[[ Dataset records, beginning ]]

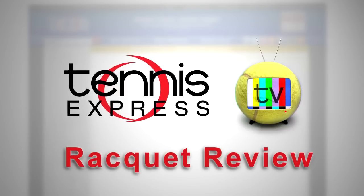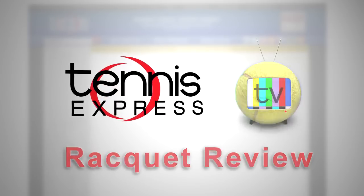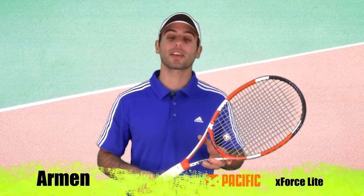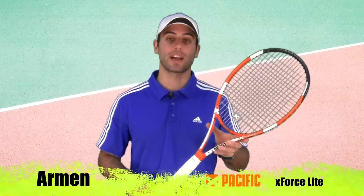Welcome to Tennis Express Racket Review. My name is Armin. Today's featured racket is the Pacific X-Force Light Tennis Racket.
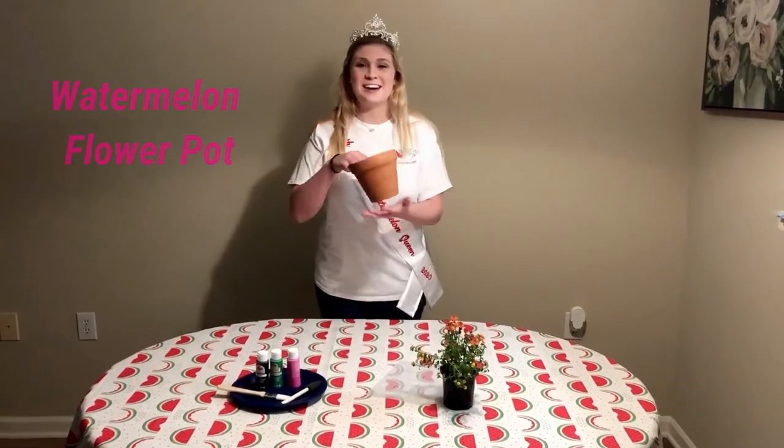Hey guys, it's Sarah, and welcome back to another episode of Queen Behind the Screen. These last couple of episodes have been full of delicious recipes for you to try, but this week we're adding a sweet twist to a common household item. We are painting a terracotta pot.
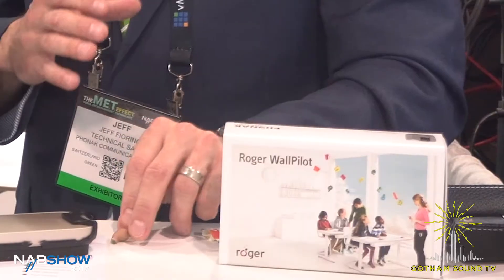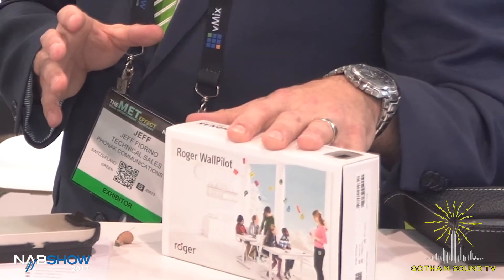Another exciting product that's been out for a while but we're bringing more attention to is the Roger WallPilot. Basically what it allows you to do is reprogram the earpiece when you walk by the WallPilot to a different audio source. So if you have room A with one audio source and one Roger network, the talent can walk through the door, past the WallPilot within two meters, and it changes and syncs to that new Roger network — without the talent needing any notification other than now hearing that new audio source. It's a similar idea to the repeater, but you would need additional base stations, as you're changing the audio source.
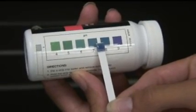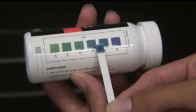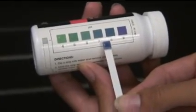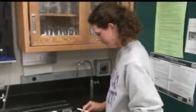For this sample, I would say it is around a pH 7.5. It's somewhere between the 7 and the 8, possibly closer to 8. Then, put the strip in the trash and record your pH measurement.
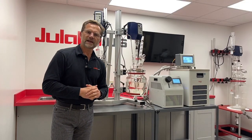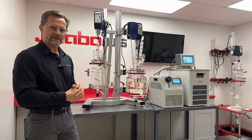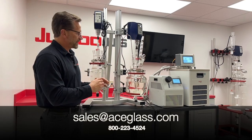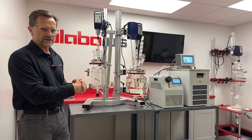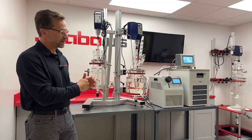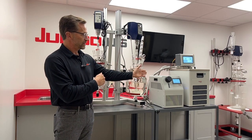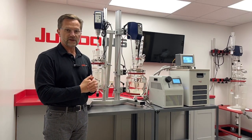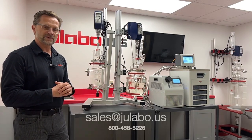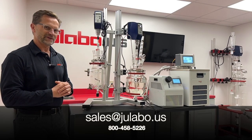For additional information on the Ace Glass dual reactor setup, please reach out to them at aceglass.com. They can assist you with your configuration and setup for whatever accessories you might require, including pairing with a Ulabo chiller or refrigerated heating circulator for the reactor. For any liquid temperature control questions, please look us up at ulabo.us.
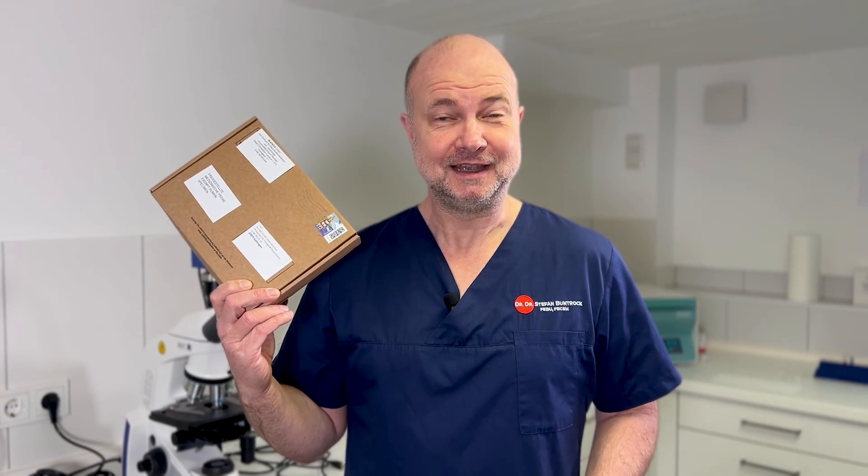Hello everybody, welcome to Eurochannel. You wouldn't believe what I got in the mail — it's a box full of sperm. In this video I am going to show you what I do with it, because this is part of the biannual proficiency test that I have to pass in order to do all these sperm counts. So let's go.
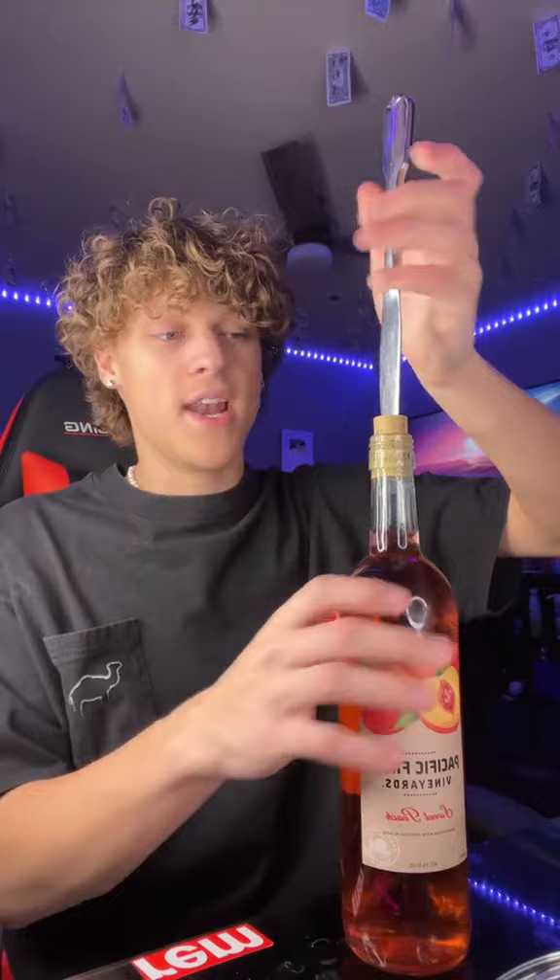I'm refusing to believe that this is true, so we're going to test it out right now to see if this is real or fake. Apparently, if you don't have a corkscrew to remove the cork from a wine bottle, you can just use a butter knife and a fork. So we're going to put our butter knife inside of the cork like so, and apparently you just turn the butter knife and it removes the cork.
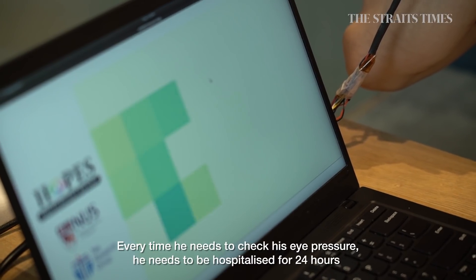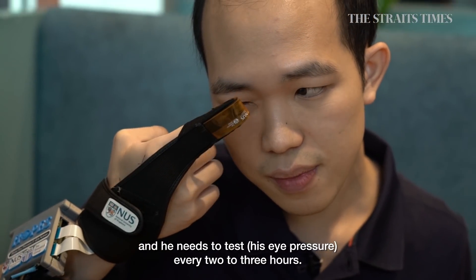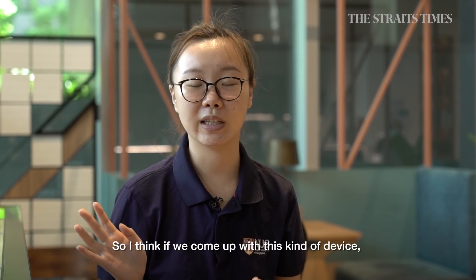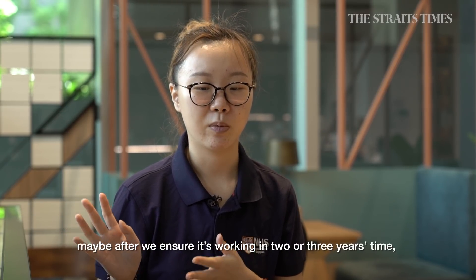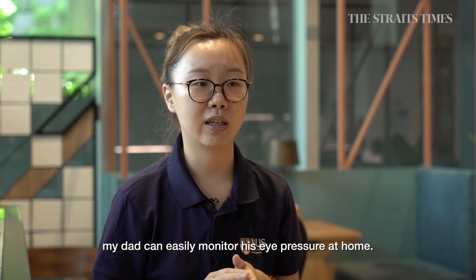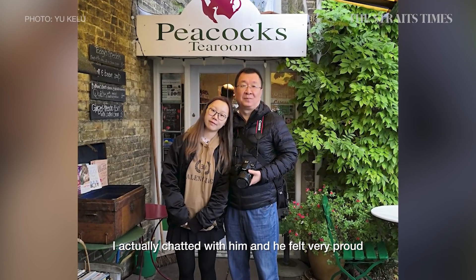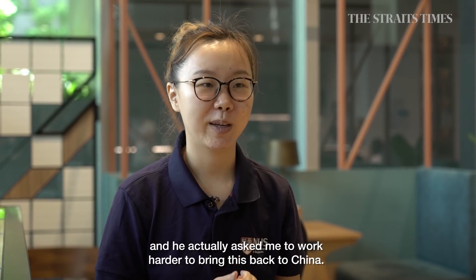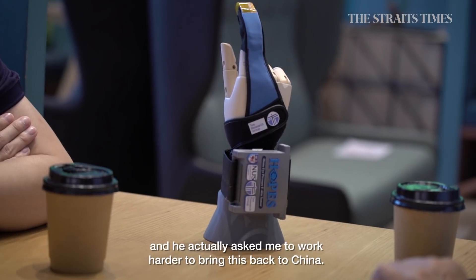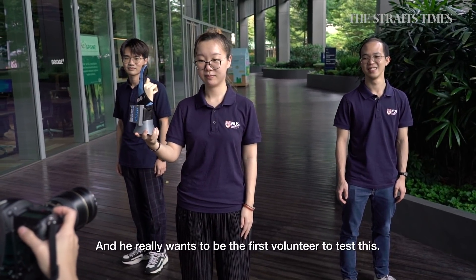Every time you need to check your eye pressure, you need to be hospitalized for 24 hours and test every two to three hours. So if we come up with this device and ensure it's working in two or three years' time, my dad can easily monitor his eye pressure at home. I chatted with him and he felt very proud — he asked me to work harder to bring this back to China.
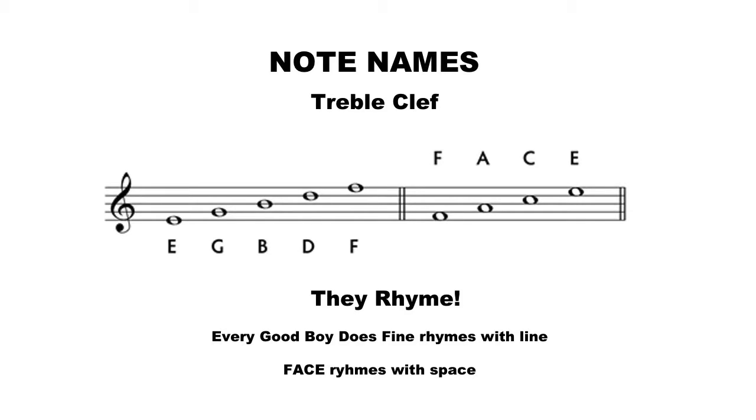Let's go ahead and take a look at this diagram here. It says note names, treble clef, and then below it you see a music staff. Now look far to the left — that little squiggly thing that you see right there is called a treble clef.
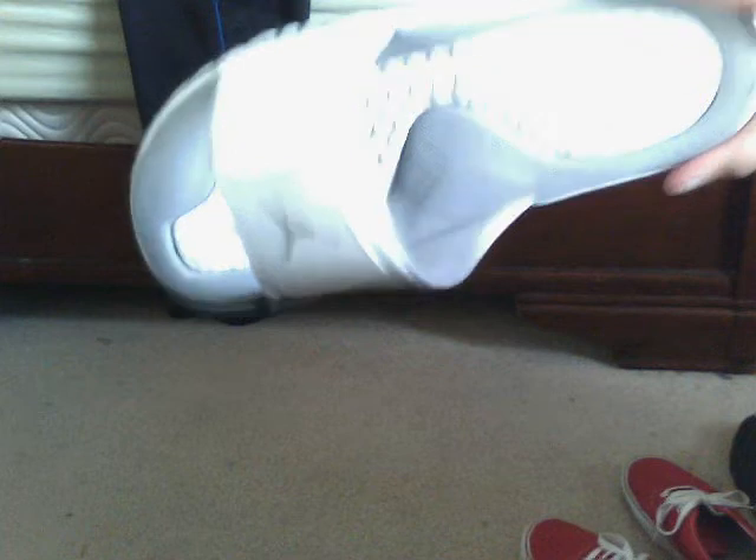I don't know if I showed you guys these, so I'm going to show you again — sorry if I already did. My white Hydro 2s. Pretty common, you know, Jordan Sandals — everybody got them. Those are my Hydro 2s.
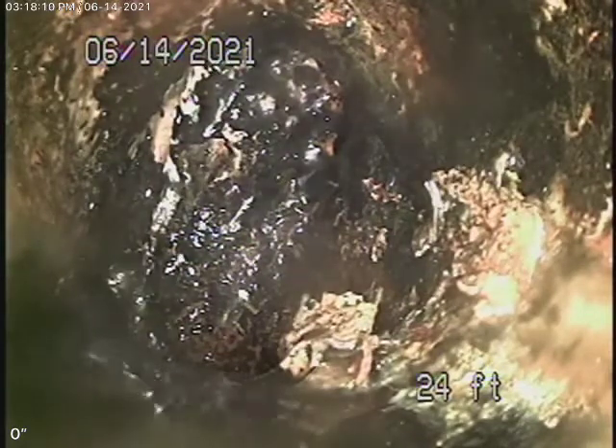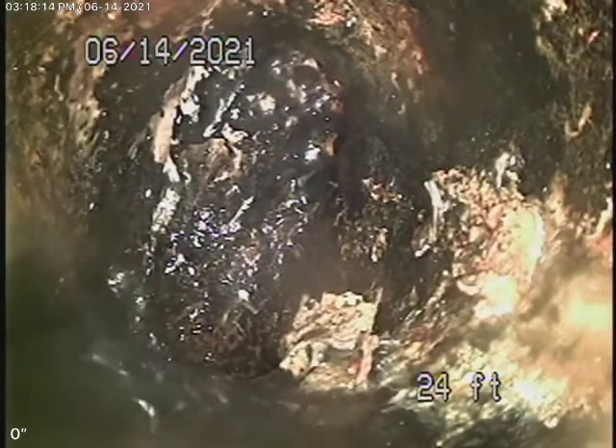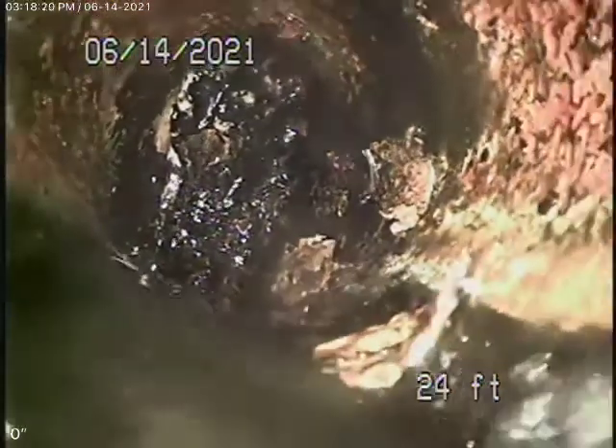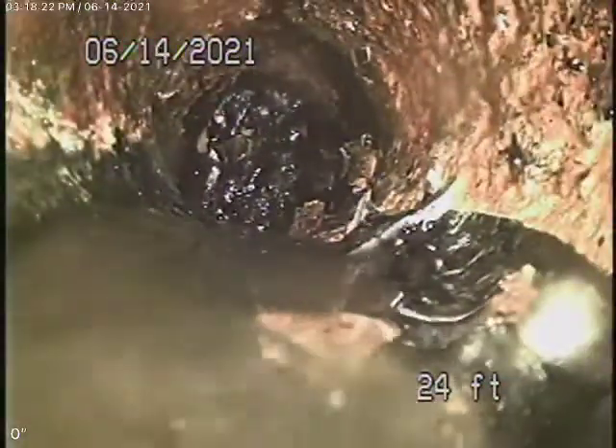This is video number two for 20200 Ruston Road in Woolland Hills. We were told we need to check the kitchen line because it was draining slowly. We have our camera in — we're at about 24 feet and we're just before it hits the main line.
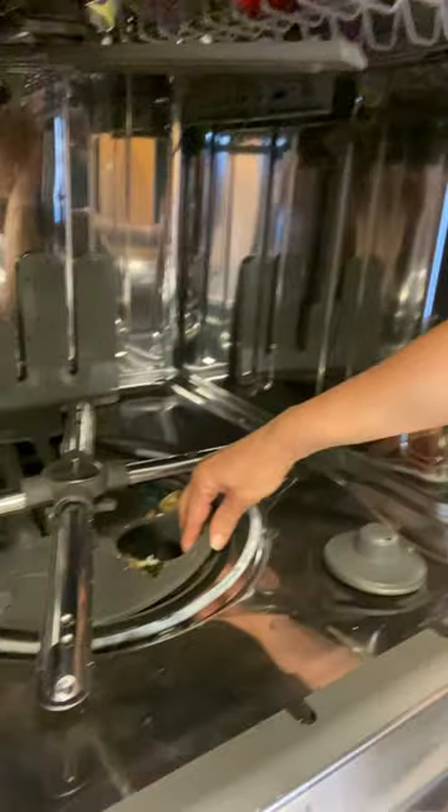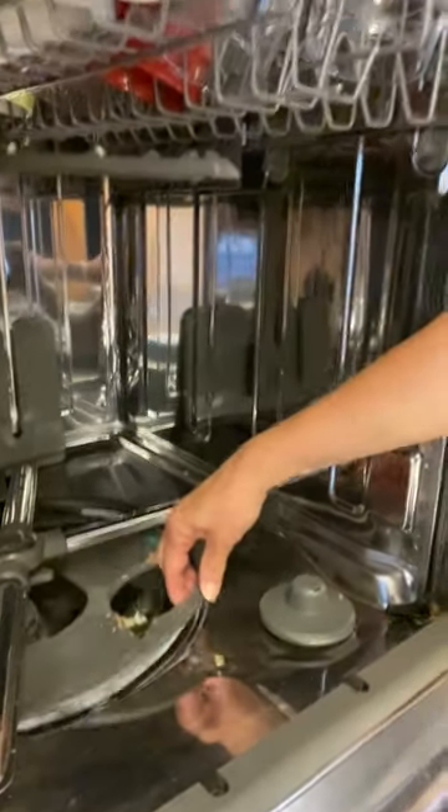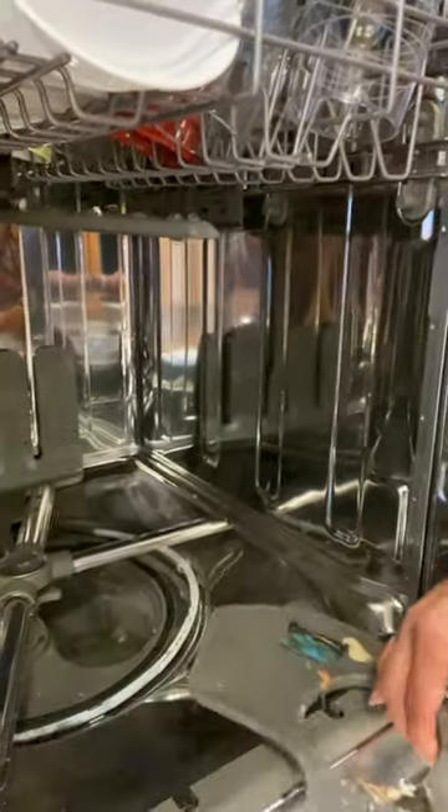And then there's another piece, this little grate thingy, and that comes out as well. So they can be washed and then you just put them back in. Good luck!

[[ Dataset records, end ]]

(Task directions): Please return, exactly as written, the lines from the first line of the records above through the line containing "Hey guys, it's", both included, leaving out any pictures.

(Solved problem):
Welcome to Tennis Express Racket Review. My name is Armin. Today's featured racket is the Pacific X-Force Light Tennis Racket.
Hey guys, it's Sarah, and welcome back to another episode of Queen Behind the Screen. These last couple of episodes have been full of delicious recipes for you to try, but this week we're adding a sweet twist to a common household item. We are painting a terracotta pot.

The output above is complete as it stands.